*** Opening of Information provided ***
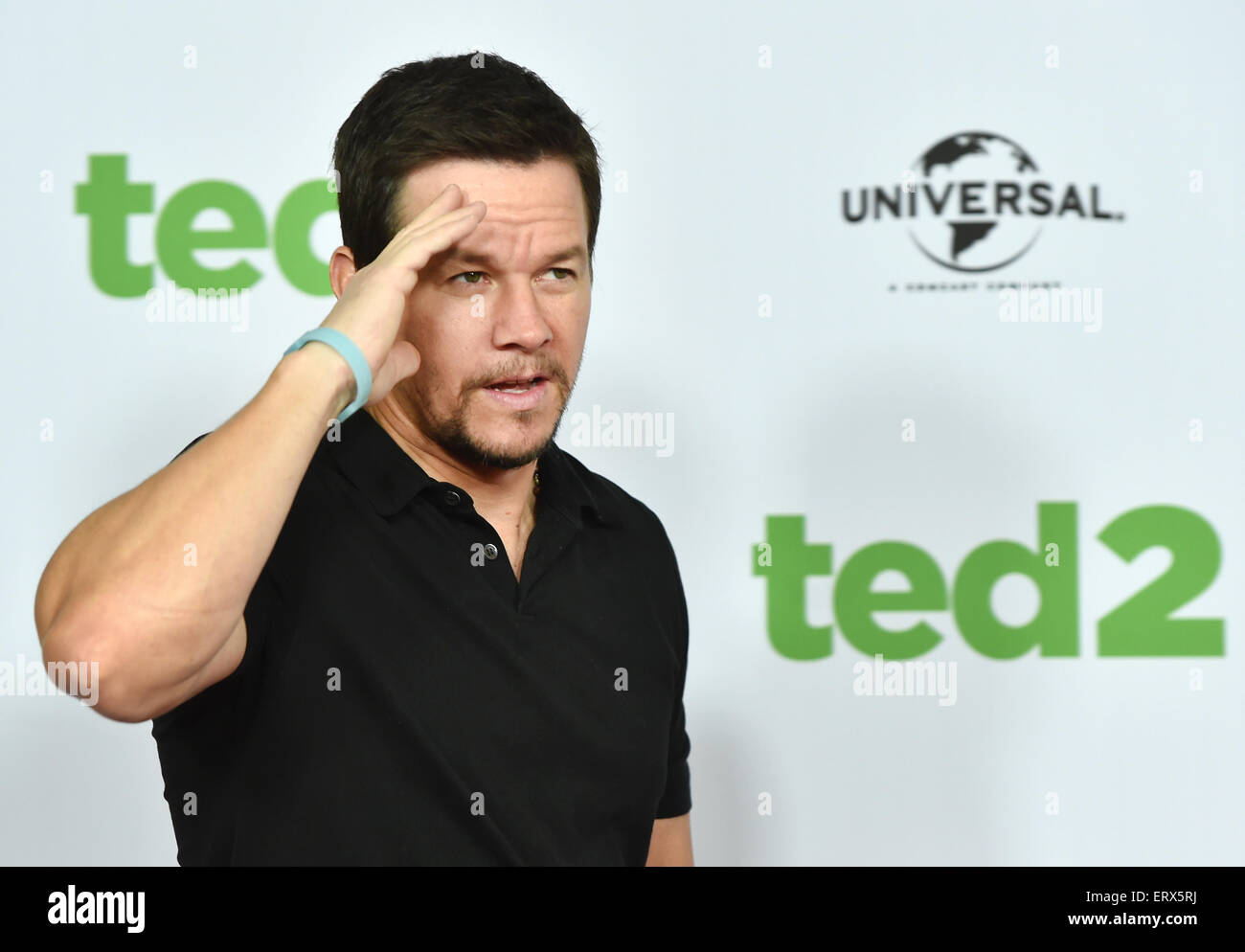 Berlin, Germany. 09th June, 2015. US American actor, singer, and film producer, Mark Wahlberg, poses during a press meeting for the film 'TED 2' in the Ritz Carlton Hotel in Berlin, Germany, 09 June 2015. The comedy arrives to German cinemas on 25 June 2015. Credit:  dpa picture alliance/Alamy Live News Stock Photo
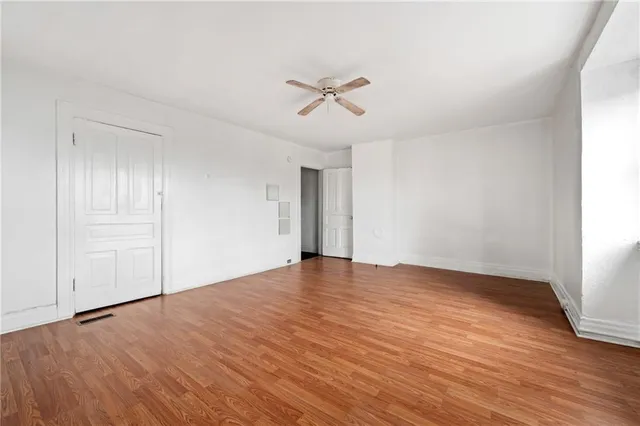 an empty room with wooden floor ceiling fan and windows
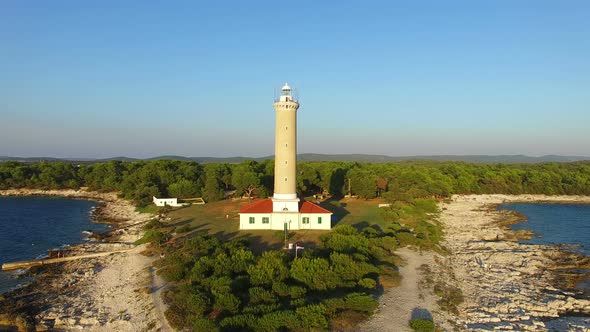 Aerial view of a lighthouse, Croatia with landscape in the background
*** Close of Information provided ***
An exact reproduction of the material above is needed, without its pictures.

-- Reply to the exercise --
 Berlin, Germany. 09th June, 2015. US American actor, singer, and film producer, Mark Wahlberg, poses during a press meeting for the film 'TED 2' in the Ritz Carlton Hotel in Berlin, Germany, 09 June 2015. The comedy arrives to German cinemas on 25 June 2015. Credit:  dpa picture alliance/Alamy Live News Stock Photo
 an empty room with wooden floor ceiling fan and windows
 Aerial view of a lighthouse, Croatia with landscape in the background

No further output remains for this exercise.